This was written on the eve of the Solidarity March for Black Lives Matter in Kitchener, and published via CultKW.com on the day of: Wednesday, June 3, 2020.

I was going to write something about museums for this top of the month of June column. Jonathan Walford and Kenn Norman of the Fashion History Museum in Hespeler, Cambridge, were guests on our community radio magazine program on CKWR 98.5 last night, and they had all sorts of interesting news to share.
But current developments have set me in a different direction. At 5pm today the Solidarity March for Black Lives Matter is happening in Kitchener’s venerable Victoria Park. That’s very close to where I live. Unfortunately, I don’t think I’m ready to leave my coop just yet. I’m old, and have various vulnerabilities.

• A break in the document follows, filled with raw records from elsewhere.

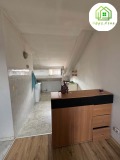 Продава 1-СТАЕН, гр. София, Център, снимка 6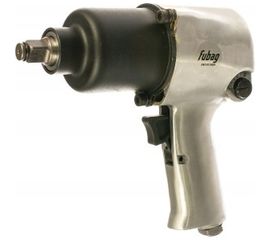 Ударный пневмогайковерт FUBAG IW191/680 100110 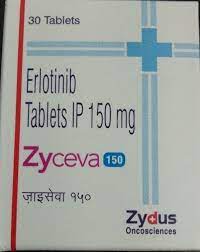 ज़ाइसवा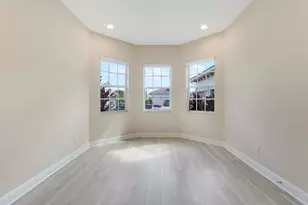 9252 SW Miracoli Wy, Port Saint Lucie, FL 34987 - Photo 39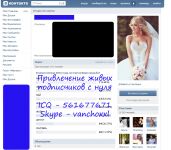img1829240.png
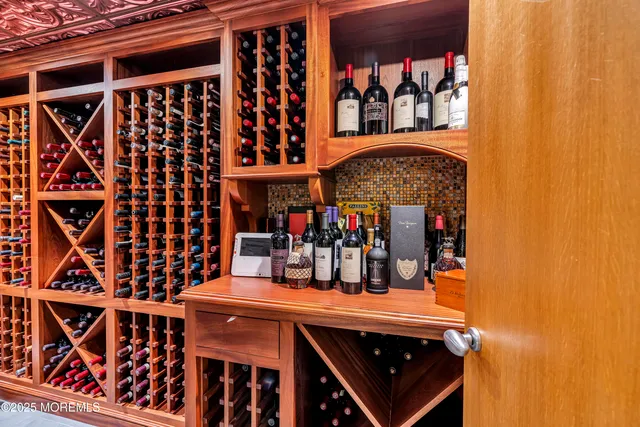 $6,500,000 | 2009 North Ocean Avenue, Spring Lake, NJ 07762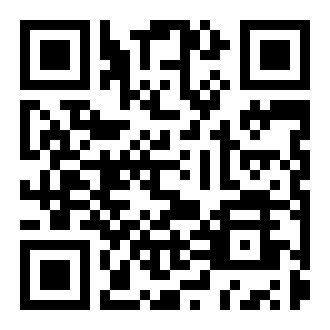美味不用等app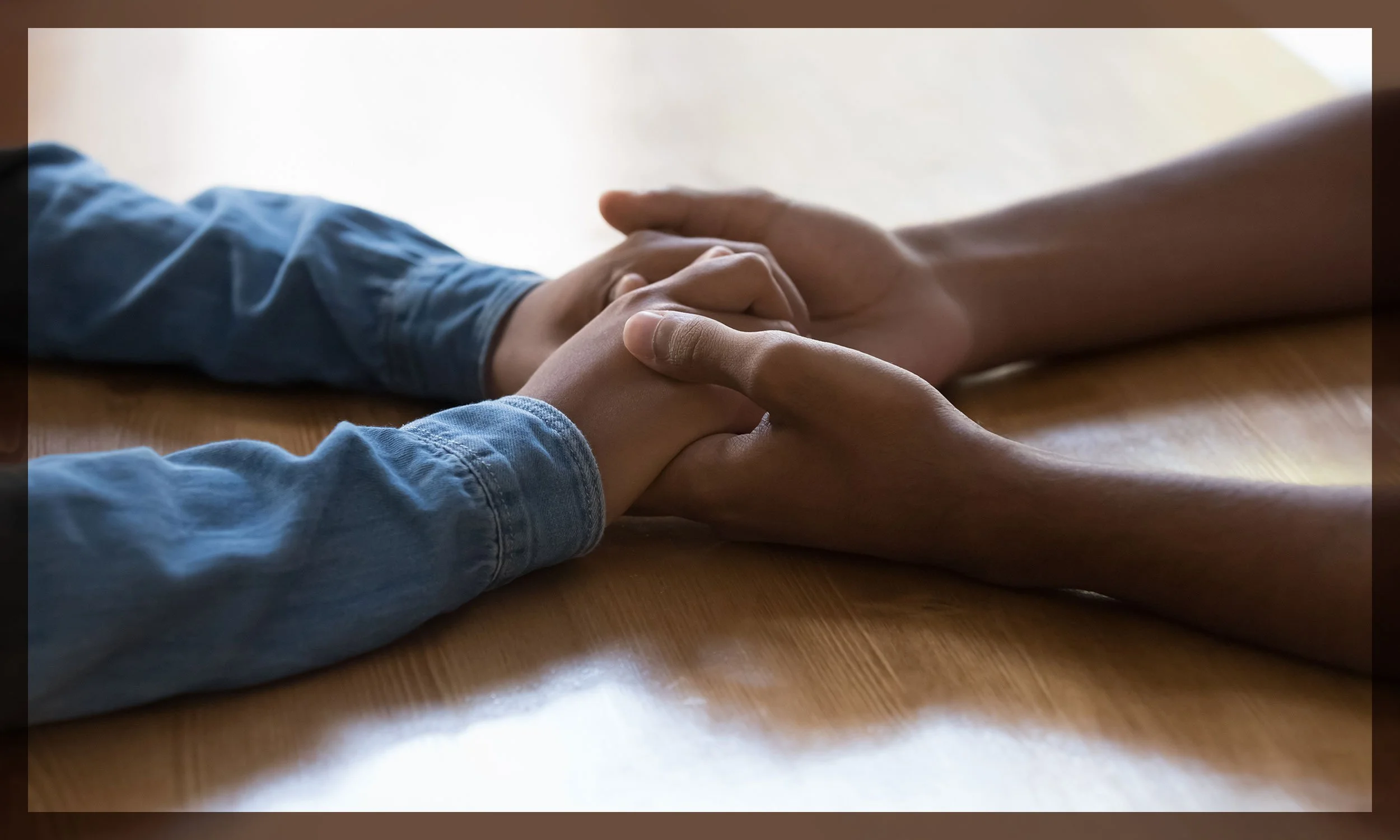 HANDS-CLASP-HOME.jpg
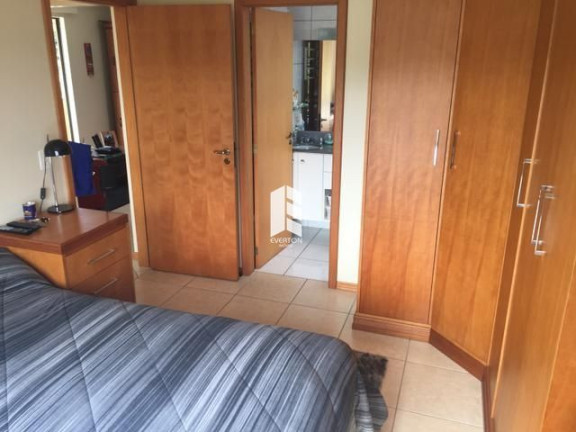 Imagem Apartamento com 2 Quartos à Venda, em Nossa Senhora De Lourdes - Santa Maria Imagem Apartamento com 2 Quartos à Venda, em Nossa Senhora De Lourdes - Santa Maria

So what can this poor boy do instead? “ … [S]ing for a rock & roll band,” Mick Jagger mused at a time when people all over the world were fighting in the streets. I was still a teenager then. In 2020, all I can think of is maybe do a history lecture. Why not? (I wish I was in a band, though. This Groot never liked being a solo act).
On Saturday, March 21, I was scheduled to give a talk at the 2020 United Nations International Day for the Elimination of Racial Discrimination observance at Kitchener City Hall, a gift to the community that Gehan Sabry of Cross Cultures magazine has been putting together for many years. (She also does the Cross Cultures radio hour Saturday mornings on CKWR 98.5).
The lockdown started in earnest during the week leading up to the event. So my talk never happened.
Because I usually wait until the last minute on projects like this, I never finished my speaking notes. But I had a good idea of what I wanted to say, so when Gehan asked for a description, I was able to promptly scribble something down.
“I’d like to talk about causes and commitments,” I told her. “It was through happenstance, not conscious choice, that I became involved with arts, culture and heritage with a local/regional focus. So my bias is towards a personal, biographical approach, as opposed to rational ‘prioritization’ ’’.
That was putting it mildly. I am adamantly opposed to setting priorities for others to follow with regard to their personal causes and commitments.
“However,” I went on in my talk description, “with a growing sense of urgency arising on so many fronts, especially over what is called the ‘climate emergency’, one is drawn towards re-examining long-held interests and preferences. I’m going to propose that convergence, rather than increased specialization, holds the most promise.”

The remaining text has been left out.